Je voudrais opérer un petit retour en arrière, monsieur le ministre. Lors de l’examen du projet de loi relatif à la formation professionnelle, à l’emploi et à la démocratie sociale, notre groupe – j’étais l’un de ses chefs de file sur le texte – avait procédé à de nombreuses auditions et entendu toutes les organisations patronales représentatives. Le sujet n’était pas facile puisqu’il s’agissait de modifier les critères de représentativité en tenant compte notamment des doubles appartenances, qui constituent l’un des aspects du problème. Certaines entreprises adhèrent en effet à plusieurs organisations. Nous étions parvenus, sinon à un bon accord, du moins à un équilibre à peu près stable qui, sans satisfaire tout le monde, n’avait pas déclenché de déclaration de guerre. À telle enseigne que, face à la grogne de certaines organisations, notre groupe avait présenté un amendement, que j’avais défendu, visant à instaurer un délai supplémentaire de réflexion pour que les partenaires sociaux se mettent autour de la table et essaient d’avancer sur ces critères de représentativité.
Là, tout à coup, vous sortez du chapeau une disposition absente du texte d’origine qui va, je le crains, déclencher la foudre dans le milieu des organisations patronales représentatives et raviver la guerre que nous avions, avec un peu de doigté, réussi à éteindre.

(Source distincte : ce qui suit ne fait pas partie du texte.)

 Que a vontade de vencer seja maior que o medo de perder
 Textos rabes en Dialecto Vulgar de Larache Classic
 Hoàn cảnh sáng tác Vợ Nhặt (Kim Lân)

Pourquoi décidez-vous de déposer cet amendement au Sénat ? Pourquoi n’aviez-vous pas inclus cette disposition dans le projet de loi initial ? Quel est le motif de cette précipitation ? Pourquoi n’existe-t-il pas d’étude d’impact ? Pourquoi aucune concertation n’a-t-elle été conduite avec l’ensemble des organisations patronales ? Pourquoi n’avez-vous pas fait réaliser d’analyse des conséquences financières de cette mesure sur les entreprises ?

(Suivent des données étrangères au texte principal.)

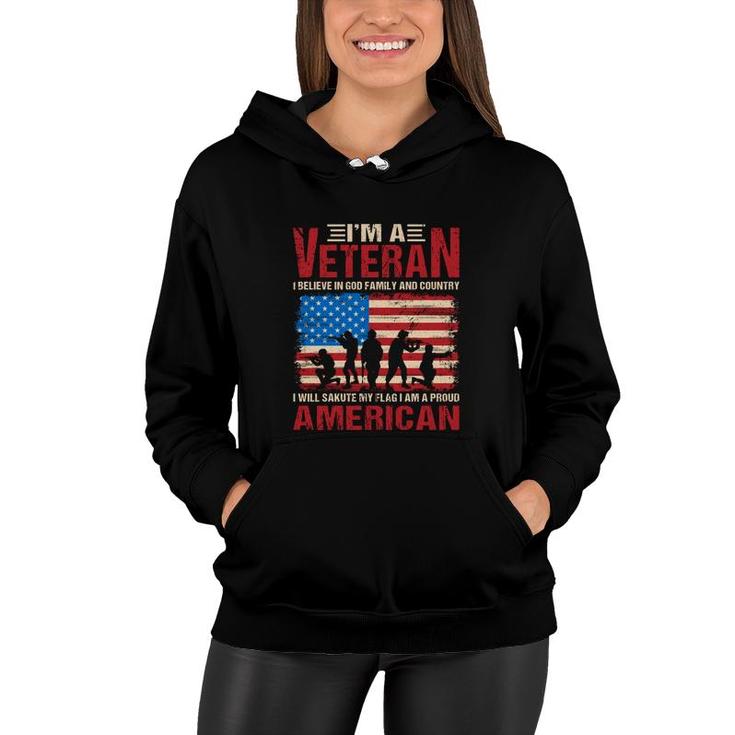 I Am A Veteran 2022 I Believe In God Family And Country Women Hoodie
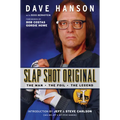 Slap Shot Original: The Man, the Foil, and the Legend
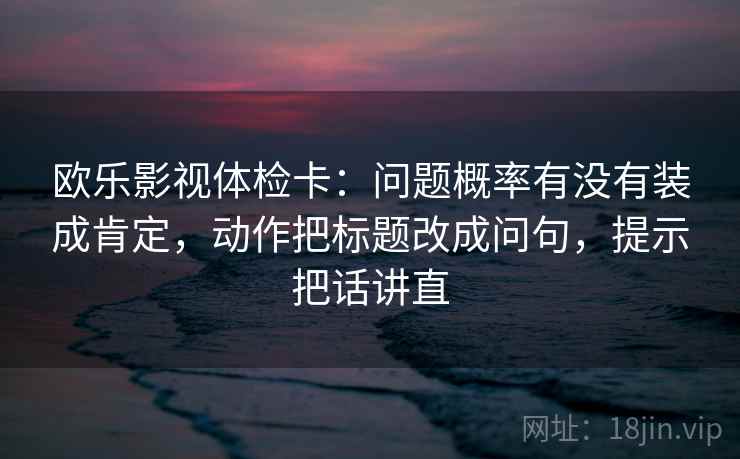 欧乐影视体检卡：问题概率有没有装成肯定，动作把标题改成问句，提示把话讲直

J’ai écouté attentivement les propos que vous avez tenus pour défendre votre amendement. Vous avez dit qu’il est tout à fait logique qu’une entreprise de plusieurs milliers de salariés soit plus représentative qu’une entreprise comptant un ou deux salariés. Pour aller dans le sens de l’intervention de notre collègue Kern, je vous invite à faire le total du nombre d’emplois que représentent toutes ces petites entreprises. Une TPE ne compte certes que quelques salariés, mais multipliez ce chiffre par le nombre d’entreprises qui constituent ce tissu économique qui draine toute la France et vous obtiendrez des représentations autrement plus significatives que celles des grandes entreprises.
Je ne veux pas entrer dans le jeu de nos collègues du groupe CRC, mais comparez également la situation d’une grande entreprise qui n’hésite pas à « dégraisser », comme on dit vulgairement, en licenciant 100 à 150 salariés, à celle d’une TPE qui doit se séparer d’un ou de deux salariés parce que les carnets de commandes sont vides et pour qui c’est un drame !
La vitalité de ces TPE et l’apport économique qu’elles représentent pour notre pays font que, s’agissant de leur représentativité, elles mériteraient davantage de considération qu’un simple amendement sorti au débotté à l’occasion d’une discussion sur le dialogue social.